Single by the All-American Rejects

from the album Move Along
- B-side: "Bite Back"
- Released: June 6, 2005
- Genre: Pop-punk; emo;
- Length: 3:13
- Label: Doghouse; Interscope;
- Songwriters: Nick Wheeler; Tyson Ritter;
- Producer: Howard Benson

The All-American Rejects singles chronology
| "Time Stands Still" (2003) | "Dirty Little Secret" (2005) | "Move Along" (2006) |

Alternative cover
- United Kingdom re-release cover

Audio sample
- file; help;

Music video
- "Dirty Little Secret" on YouTube

= Dirty Little Secret =

2005 single by the All-American Rejects

"Dirty Little Secret" is a song by American rock band the All-American Rejects from their second studio album Move Along. It was released on June 6, 2005, as the lead single from the album.

==Background==
"Dirty Little Secret" was written by Nick Wheeler and Tyson Ritter, who claimed that because they were both at the time in long-term relationships with their girlfriends they had to "concoct some histrionics". Wheeler said "We come from a small town, and until now we've both had steady relationships. So, you know, sometimes there's not enough drama or turmoil to write about, so he simply writes stories. And that's where the lyrics come from."
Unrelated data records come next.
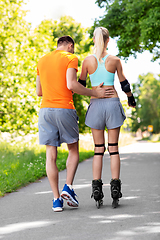 Image showing happy couple with roller skates riding outdoors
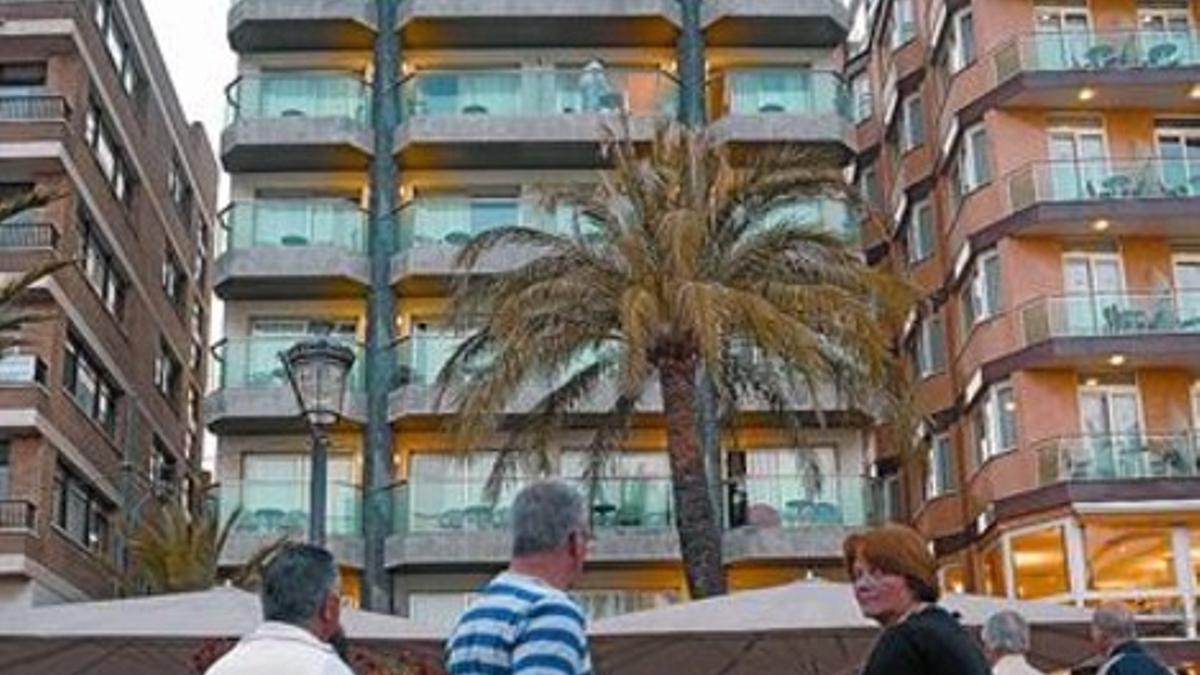 Un grupo de curiosos observa la fachada del hotel donde se cometió el doble crimen.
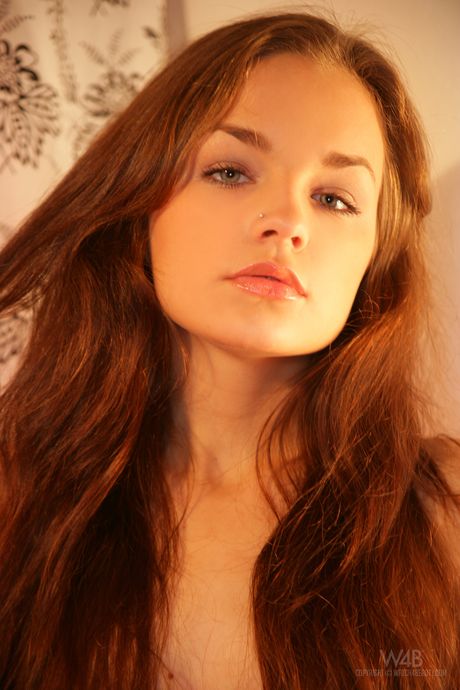 Cute teen Lily removes her stockings to get totally naked on a bed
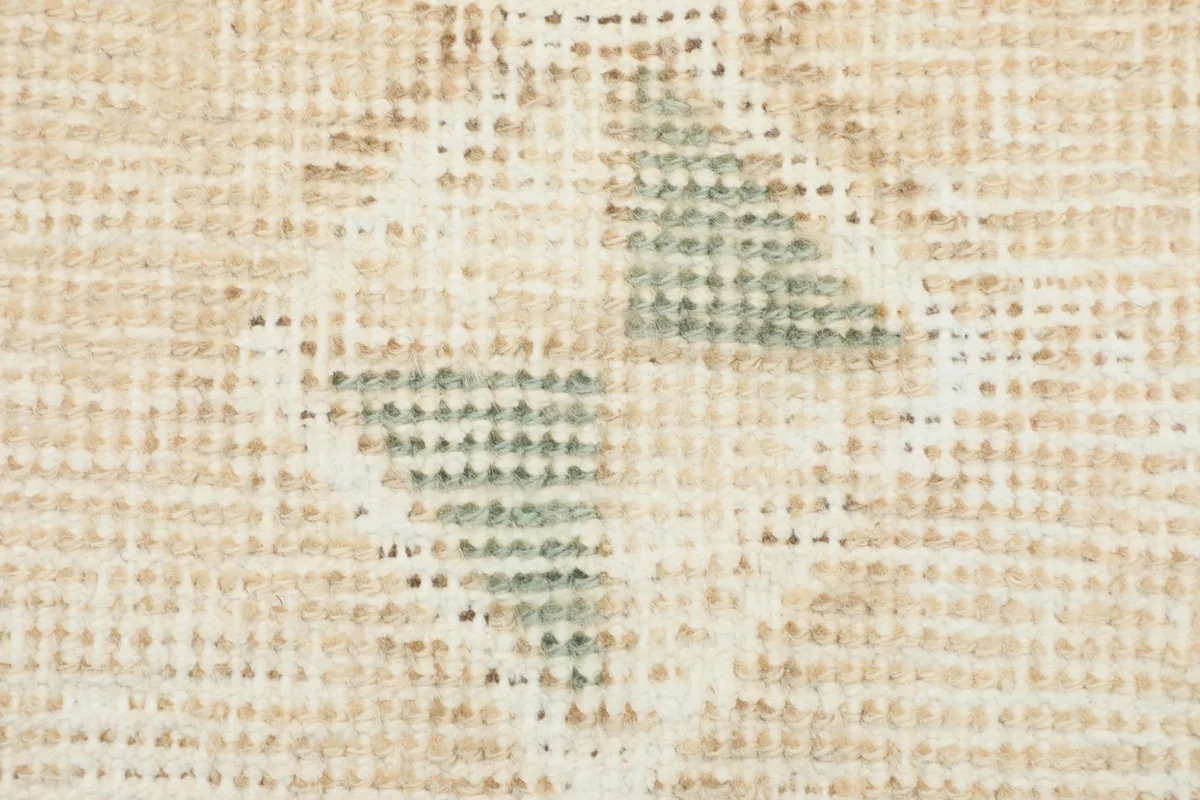 Extreme close-up showing the low wool pile and hand-knotted texture of the rug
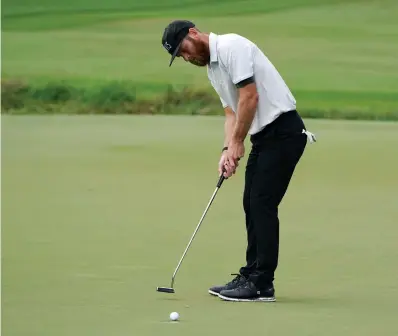  ?? AP Photo/Chris Carlson ?? ■ Tyler Mccumber putts on the seventh hole during the second round of the Wyndham Championsh­ip golf tournament on Aug. 14 at Sedgefield Country Club in Greensboro, N.C.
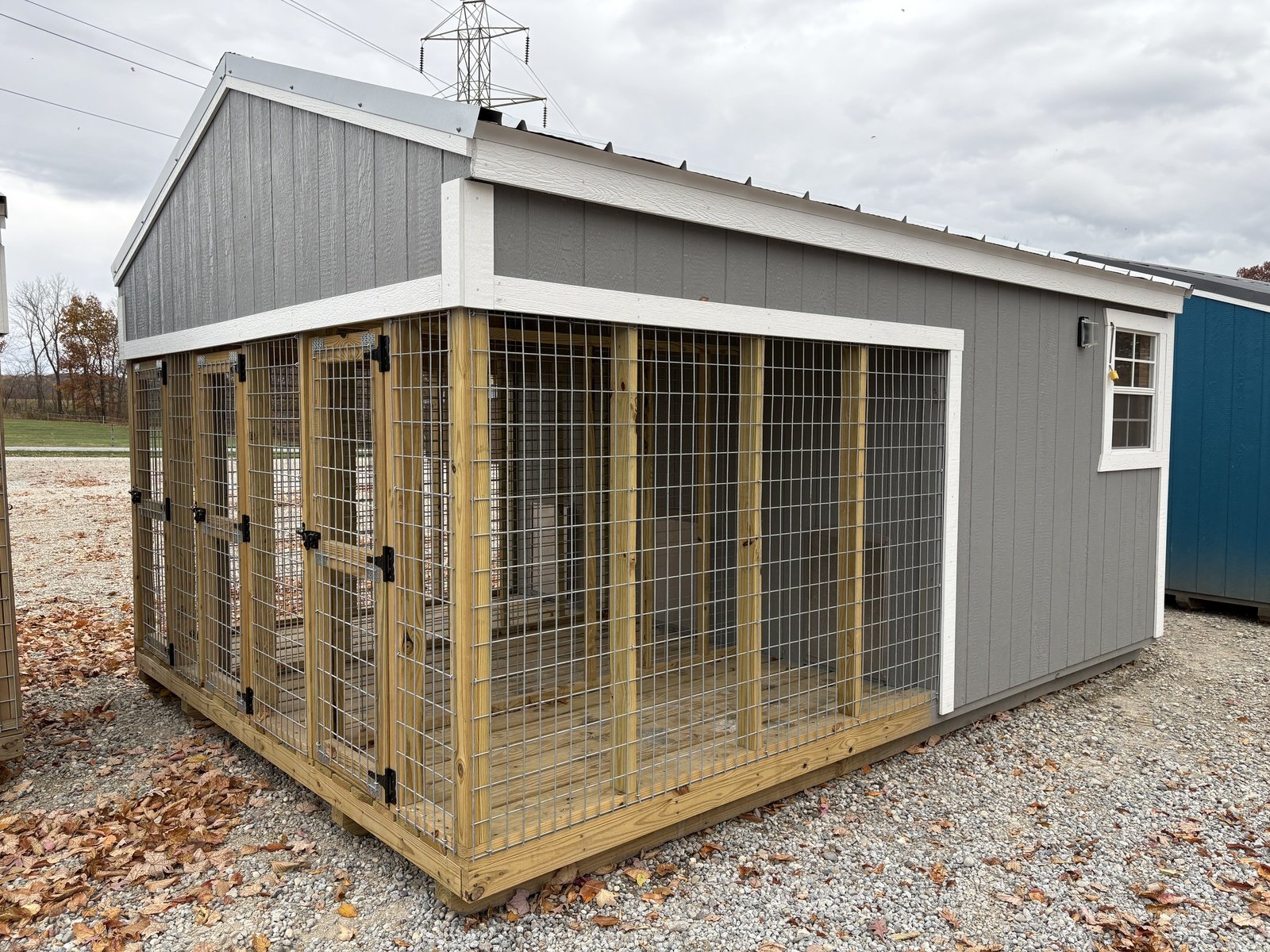 Gray building with a fenced kennel run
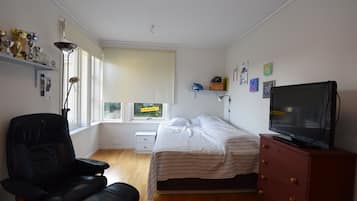 Quarto com cama, cadeira, penteadeira, televisão e janela com persianas.
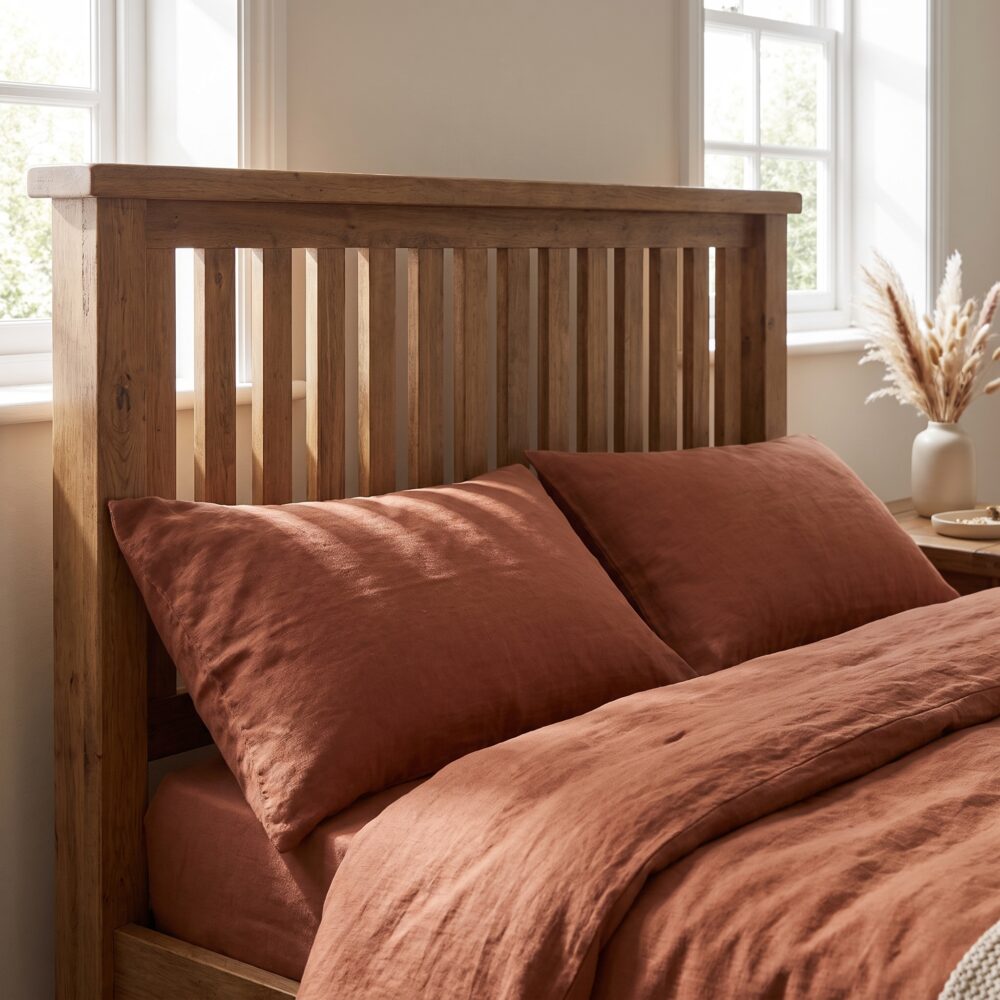 Rustic solid oak wood single bed frame featuring a vertical slatted headboard styled with beige linen bedding next to a matching oak nightstand.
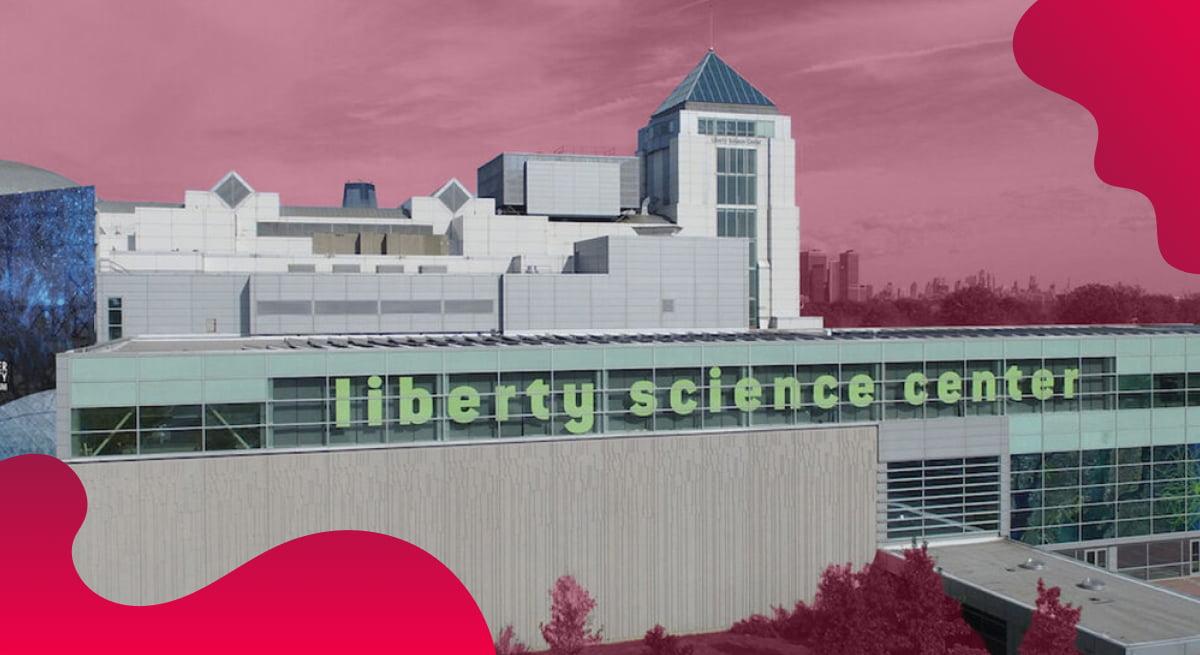 Liberty Science Center header image in red of a museum building.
"'Dirty Little Secret' was just an acoustic guitar and a vocal, that's all it was", Wheeler said. "We put off getting the full band in and coming up with the arrangement until the very last second. We were literally less than a week away from going into the studio, and we all started jamming and tossing out ideas. We had the arrangement down within an hour and that was that. We ended up recording it and couldn't get the motherfucking thing out of our heads."

==Reception==

===Critical reception===
The song received generally positive reviews from music critics. Contactmusic.com stated "Give this cheeky little track three listens, and it's got you. You'll be singing along at festivals all summer with a huge grin on your face. There may indeed be laws in some countries about having hooks this large and frequent during one song", while About.com said "'Dirty Little Secret' is catchy and amiable, but it's little more than that. The title seems chosen for intrigue, but it promises much more than it delivers. The song is ultimately a rather ordinary treatise on carrying on a secret relationship."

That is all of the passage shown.